Stanley Kunitz was 69 years old when he was appointed Consultant in Poetry to the Library of Congress, in 1974. He was chosen Poet Laureate of the United States 26 years later, in 2000, at the age of 95. His last book of poetry, “The Wild Braid,” was published in 2005, when Kunitz was 99 years old. The poet died in 2006.
The story of a senior actively engaged in the arts is not as extraordinary as our culture might have us believe.
Anna Mary “Grandma Moses” Robertson began painting in her late 70s. Frank Lloyd Wright finished designing the Guggenheim Museum when he was 91. Michelangelo assumed the role of architect of St. Peter’s Basilica when he was 72. Cuban-born minimalist Carmen Herrera had her first major sale of a painting at age 89. Her works now hang in the Museum of Modern Art, the Hirshhorn Museum, and the Tate. At an age when society regards too many elders as invisible, Herrera became something of a phenom in the art world. As a New York Times art critic asked, “How can we have missed these beautiful compositions?”

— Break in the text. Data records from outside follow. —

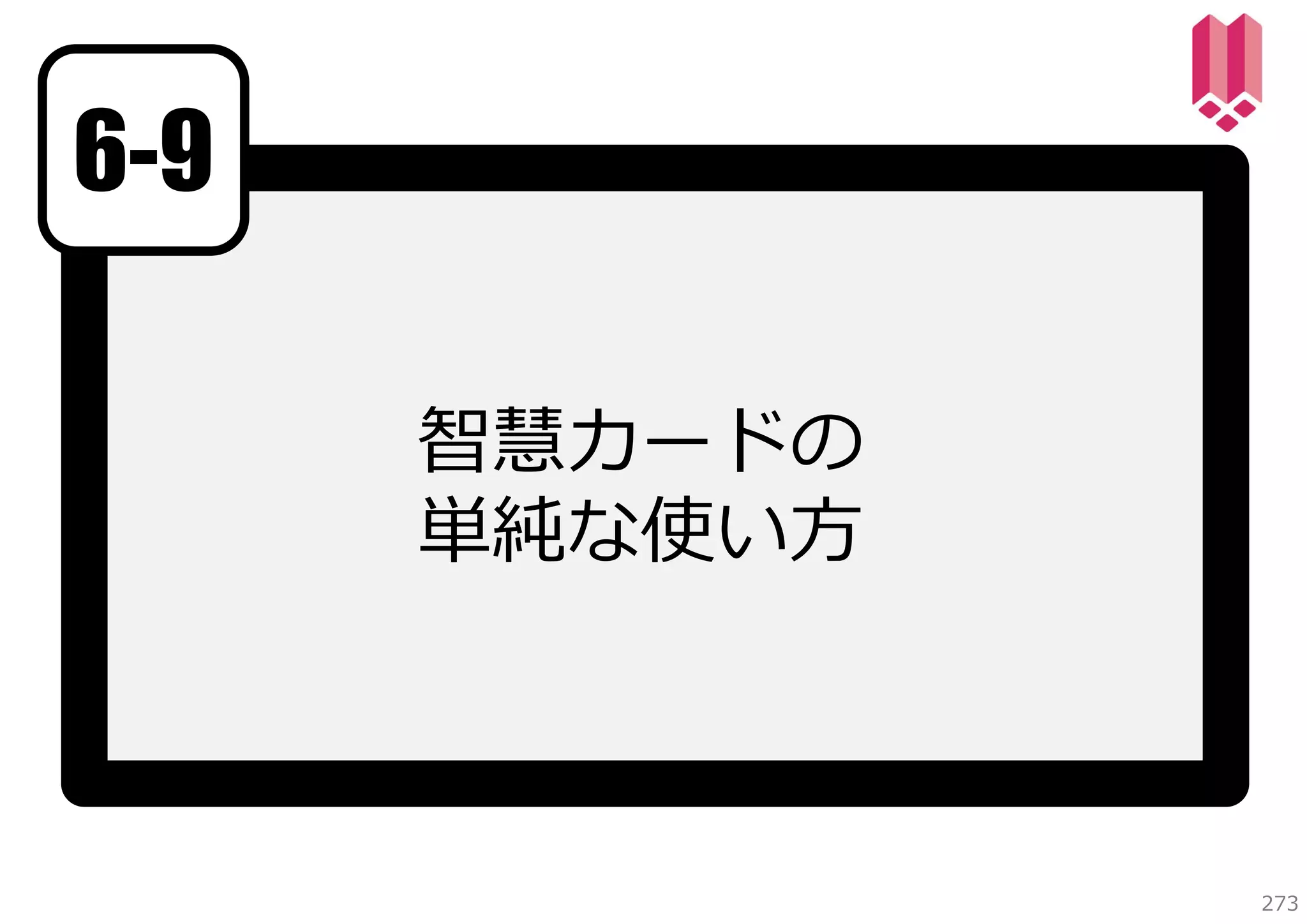 6-9
智慧カードの
単純な使い⽅

273

 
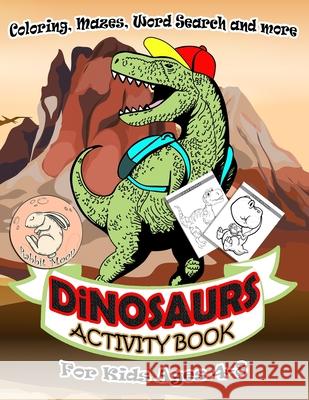 Dinosaurs Activity Book for Kids Ages 4-8: A Fun Kid Workbook Game For Learning, Coloring, Mazes, Word Search and More ! Activity Book Dinosaurs Rabbit Moon 9781086594454 Independently Published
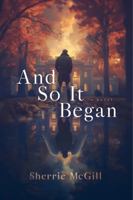 And So It Began B0DR319N8Y Book Cover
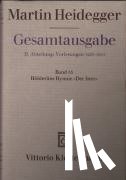 Heidegger, Martin - Gesamtausgabe Abt. 2 Vorlesungen Bd. 53. Hölderlins Hymne 'Der Ister'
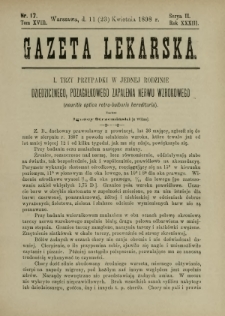 Gazeta Lekarska : pismo tygodniowe poświęcone wszystkim gałęziom umiejętności lekarskich 1898 Ser. II R. 33 T. 18 nr 17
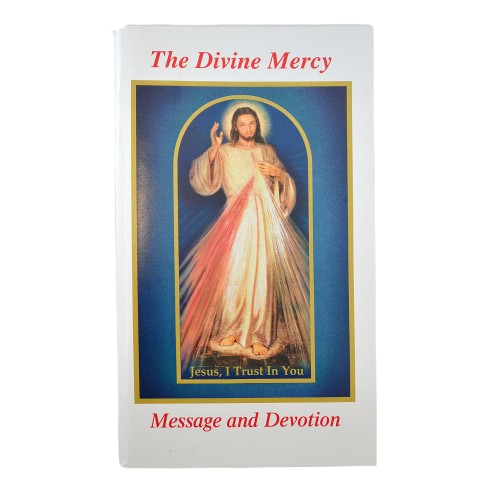 The Divine Mercy Message and Devotion: with selected prayers from the Diary of St. Maria Faustina Kowalska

The answer is simple: Our youth-oriented culture rewards youthful talent while largely ignoring or dismissing the talent of its elders. This practice, while not unique in its modern Western form, is paradoxical. Shamans, prophets, seers — the men and women a society turns to for vision and wisdom — historically, have been its elders.
The fetish of youth is a relatively new phenomenon, although its roots run into the deep past, impressed by movements and moments from 19th-century Romanticism, with its adoration of childish wisdom, to modern hippiedom, with its disdain for and suspicion of anyone over age 30.
The marginalization of older people is not solely the product of pop culture. Science shares responsibility.
Once upon a time, science told us that senility was the result of a dying brain, of brain cells that are never replaced, unlike most other somatic cells. Most of us — even most of us who are old — probably still believe this myth as we go about our day anxiously searching for misplaced keys, forgetting names of familiar faces and missing appointments. Even if it has been our habit for decades to have these lapses, now that we are old, we are inclined to regard them as evidence of dotage and dementia and gray matter flaking off like dandruff.
Stereotypes — even and especially scientific stereotypes — die hard. Once a scientific fact becomes a cultural truism, it is not easily dismissed, particularly if it has credible authorship. Sigmund Freud, whose indelible influence upon our culture has been important in our understanding and articulation of the mind, maintained that students over 50 could learn absolutely nothing. He was 51 when he made this pronouncement. Ironically, “Oedipus Rex” — the play from which Freud drew most of his important symbolism — was written by Greek tragedian Sophocles at age 71.
That pathology is a part of aging, however, is not a myth. Stroke and Alzheimer’s, diseases that can impair cognition and limit artistic endeavor, attack the elderly more often than the young. Yet each life has age-specific physical dangers; e.g., type 1 diabetes in children, and muscular dystrophy in young adults. It’s also true that the brain eventually does lose about 10 percent of its weight as a result of atrophy.
However, nature has provided us with a vast reserve of neurons that render this loss negligible in an otherwise healthy brain. Furthermore, recent research debunks the established scientific belief that the brain’s neurons are produced only in the first two years of life. Evidence now suggests that the human brain actually continues to produce these cells through most of its life span — into the fifth, sixth, and seventh decades of the average human’s life.
Probably more important than neuron production is the production of dendrites, the branches between neurons which carry electrical impulses from brain cell to brain cell. The brain has some 100 billion neurons capable of producing 100 trillion connections, or synapses.